Engagement with residential consumers and small businesses, telecommunications companies, representative bodies and government ensures the Telecommunications Industry Ombudsman reaches its stakeholders appropriately and effectively. The Telecommunications Industry Ombudsman engages through a mix of integrated channels to create awareness of its role, its independence and accessibility for all communities. Data on the Telecommunications Industry Ombudsman’s complaints is highly sought after to provide valuable insight into the telecommunications sector and the experience of consumers in Australia.

The Telecommunications Industry Ombudsman regularly informs the debate on the development of policies and regulation of the telecommunications sector.

Highlights

2016/17 highlights include:

SEVEN SUBMISSIONS

The Telecommunications Industry Ombudsman made seven submissions. These included the Productivity Commission’s Inquiry into the future direction of the Universal Service Obligation (USO); the Review of the Australian Communications and Media Authority; the review of section 593 of the Telecommunications Act 1997; Australian Consumer Law Review Interim Report; and the Joint Standing Committee Inquiry into the national broadband network.
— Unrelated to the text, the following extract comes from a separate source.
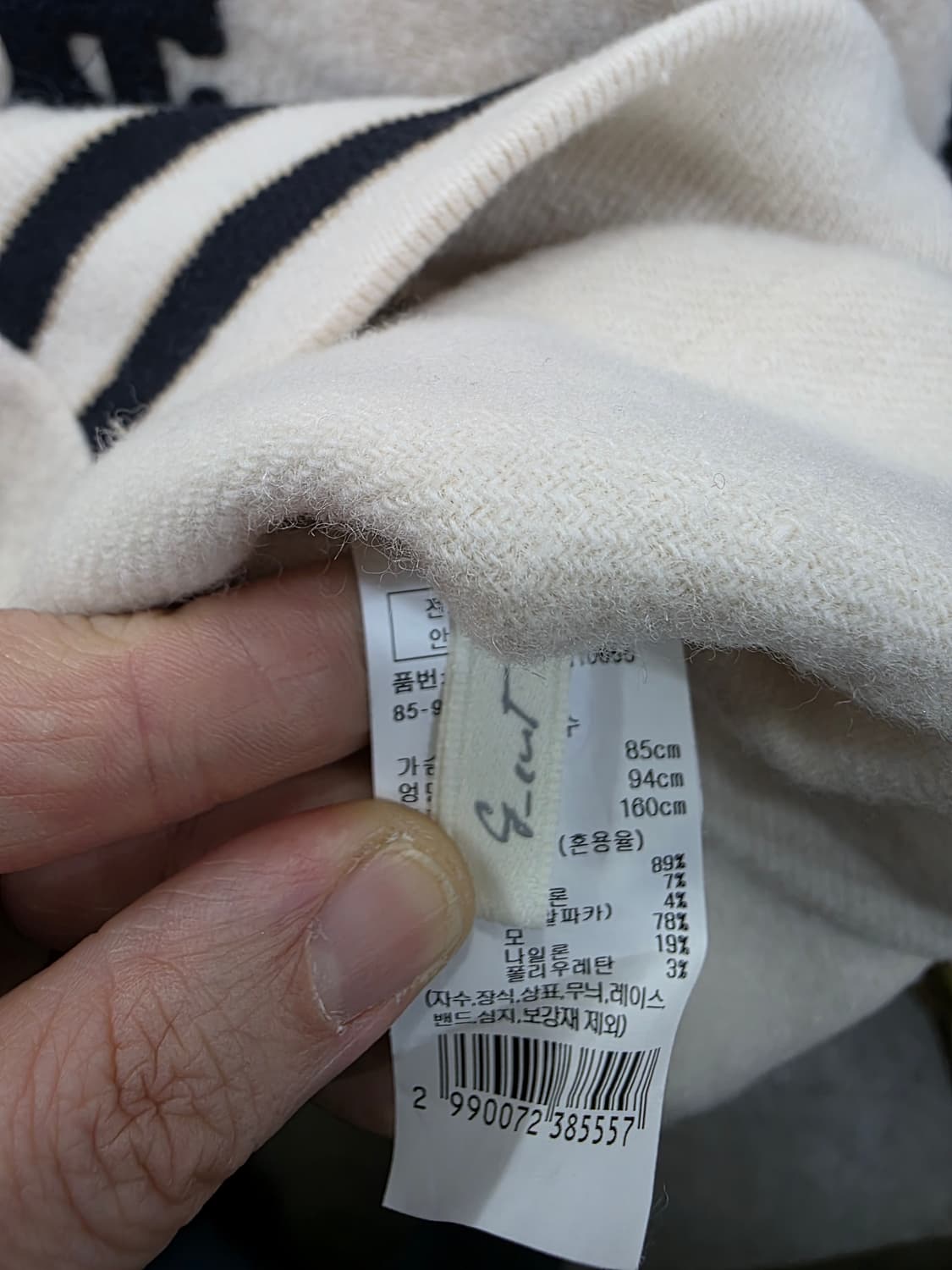 지컷 여성  모직 후드점퍼 상품이미지3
Full details can be found in the Submissions section of the Telecommunications Industry Ombudsman’s website.

KEY RELATIONSHIPS

The Australian Communications and Media Authority (ACMA) is a major stakeholder as the regulator of the telecommunications sector. The Telecommunications Industry Ombudsman shares information with the ACMA about complaint trends and reports non-compliance in the telecommunications sector. In 2016-17, three providers were referred to the ACMA for not complying with an Ombudsman decision. A further nine providers were referred for not becoming members. Of the nine providers referred to the ACMA, six subsequently became members, one was granted an exemption, with two still under investigation by the ACMA.

The Telecommunications Industry Ombudsman worked regularly with stakeholders across the telecommunications, consumer and ombudsman sectors on planning, policy development, service improvement, and information provision. Stakeholders include the Minister for Communications and the Arts, Department of Communications and the Arts, Australian Communications Consumer Action Network (ACCAN), Communications Alliance, Australian Competition and Consumer Commission (ACCC) and the Australian Small Business and Family Enterprise Ombudsman.

The Ombudsman, Judi Jones, is a member of the peak body for Ombudsman in Australia and New Zealand. The Australian and New Zealand Ombudsman Association (ANZOA) is a professional body for ombudsman and provides opportunities for sharing best practice, discussing challenges, and leading the development of ombudsman offices. Judi Jones is the chair of ANZOA.

SMALL PROVIDER FORUMS

The Ombudsman and Board members hosted a series of Small Provider Forums across the country. 2016/17’s forums were held in Canberra, Sydney, Melbourne and Perth, and offered an opportunity to hear directly from small providers on the issues and challenges they face.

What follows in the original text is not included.